**GOAL OF THE EXERCISE**
Copy the material below verbatim from the line with "Ballymore Trial a" to the line with "Ford Expedition 1997", both lines included, omitting pictures and every line outside that range.

**INFORMATION SUPPLIED**
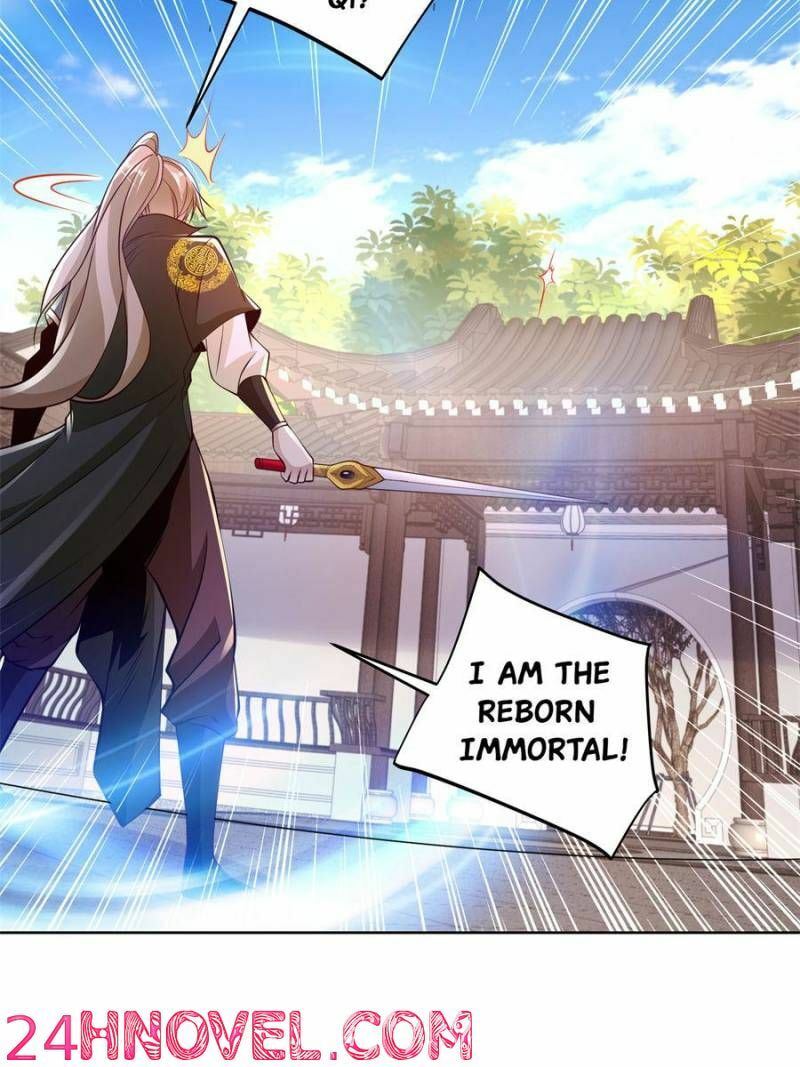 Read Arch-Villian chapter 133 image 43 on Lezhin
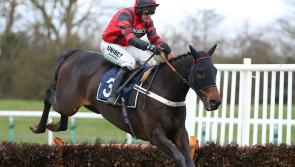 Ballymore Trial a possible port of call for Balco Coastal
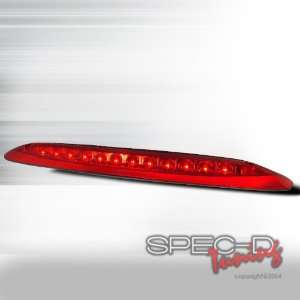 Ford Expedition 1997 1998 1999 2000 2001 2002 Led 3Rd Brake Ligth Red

* * *

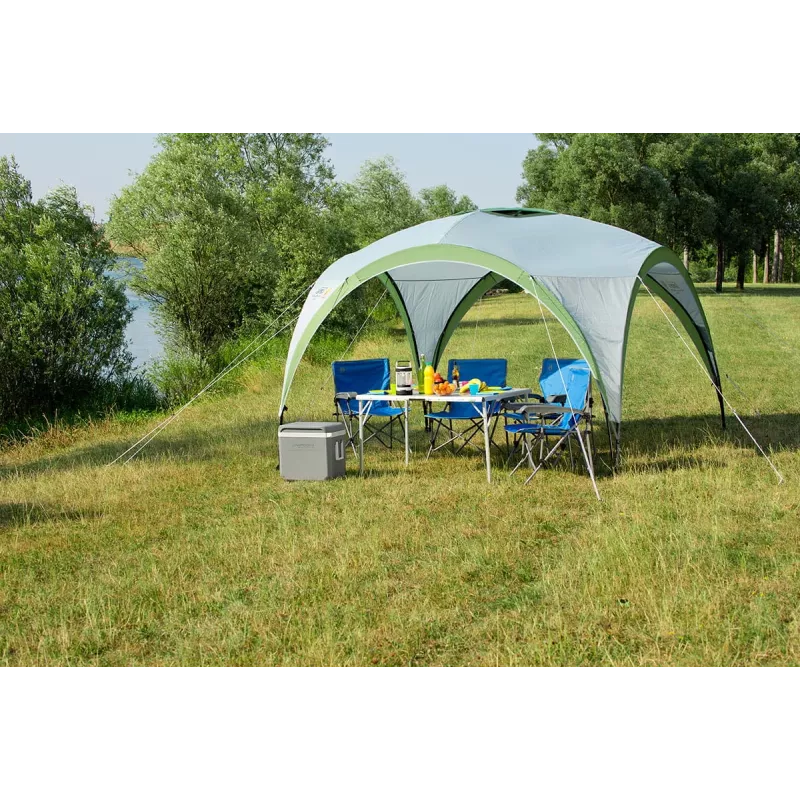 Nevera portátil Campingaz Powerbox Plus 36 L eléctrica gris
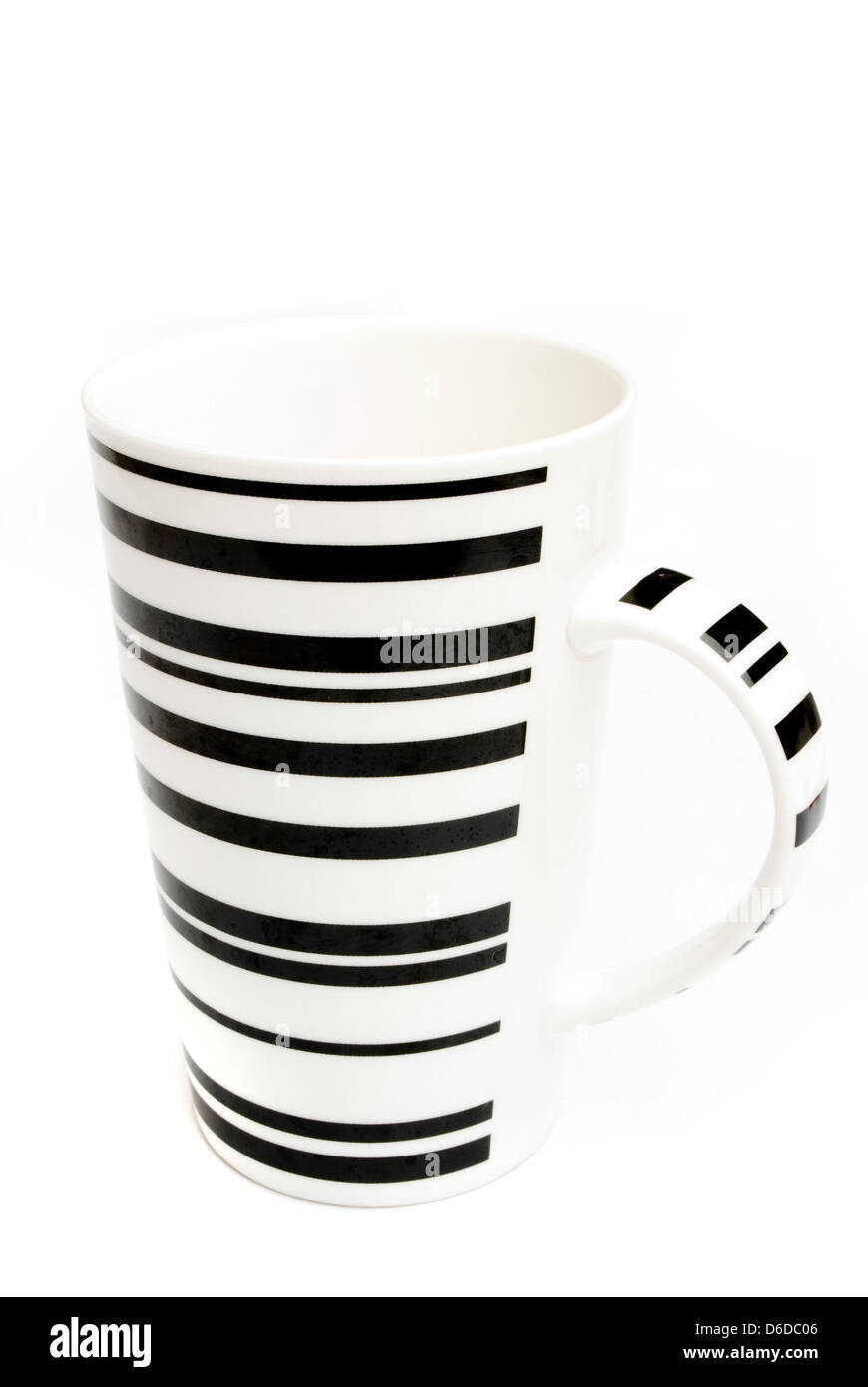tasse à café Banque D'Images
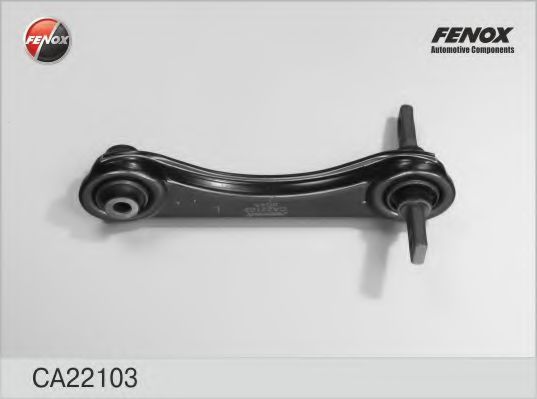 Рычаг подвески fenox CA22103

--

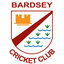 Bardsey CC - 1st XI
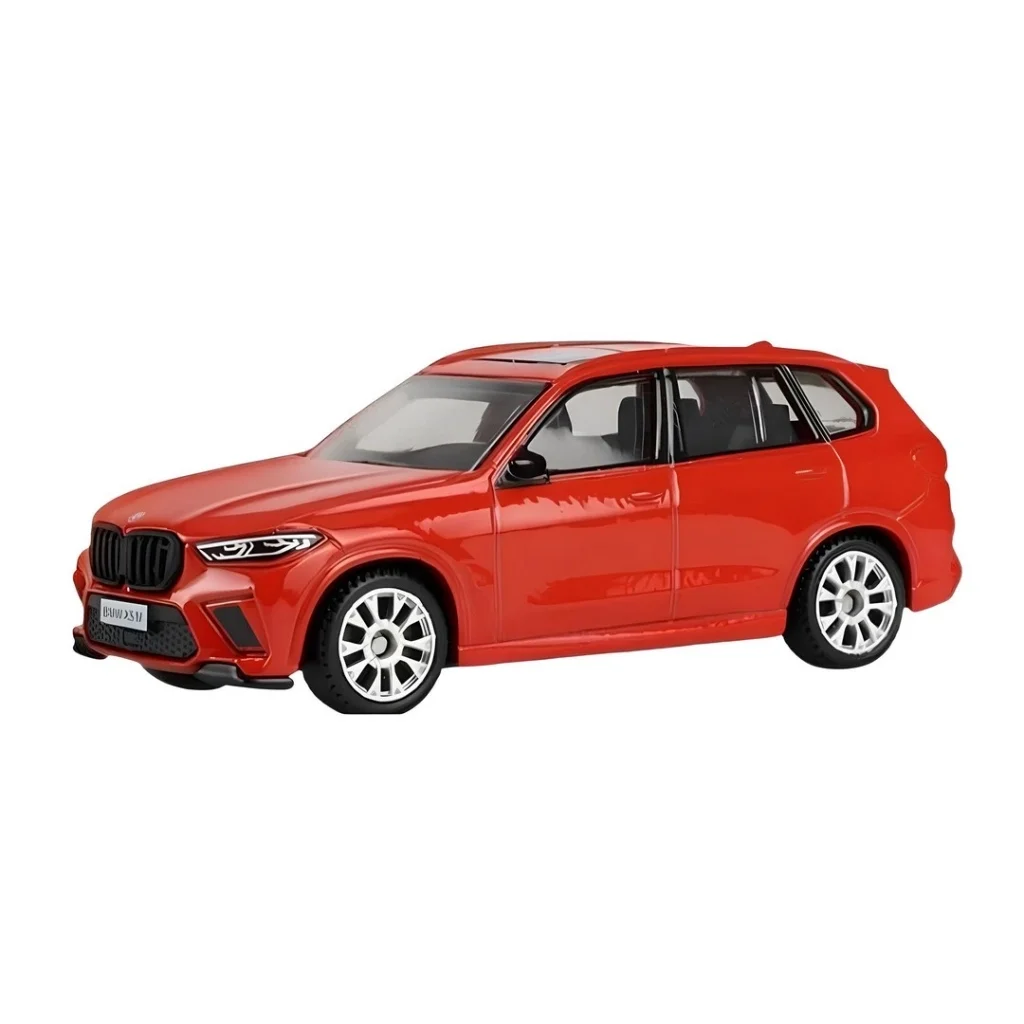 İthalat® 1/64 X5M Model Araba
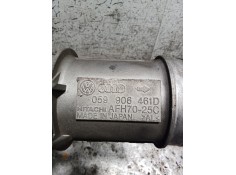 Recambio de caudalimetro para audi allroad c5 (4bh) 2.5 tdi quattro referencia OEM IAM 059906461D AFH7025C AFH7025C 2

**RESPONSE TO THIS EXERCISE**
 Ballymore Trial a possible port of call for Balco Coastal
 Ford Expedition 1997 1998 1999 2000 2001 2002 Led 3Rd Brake Ligth Red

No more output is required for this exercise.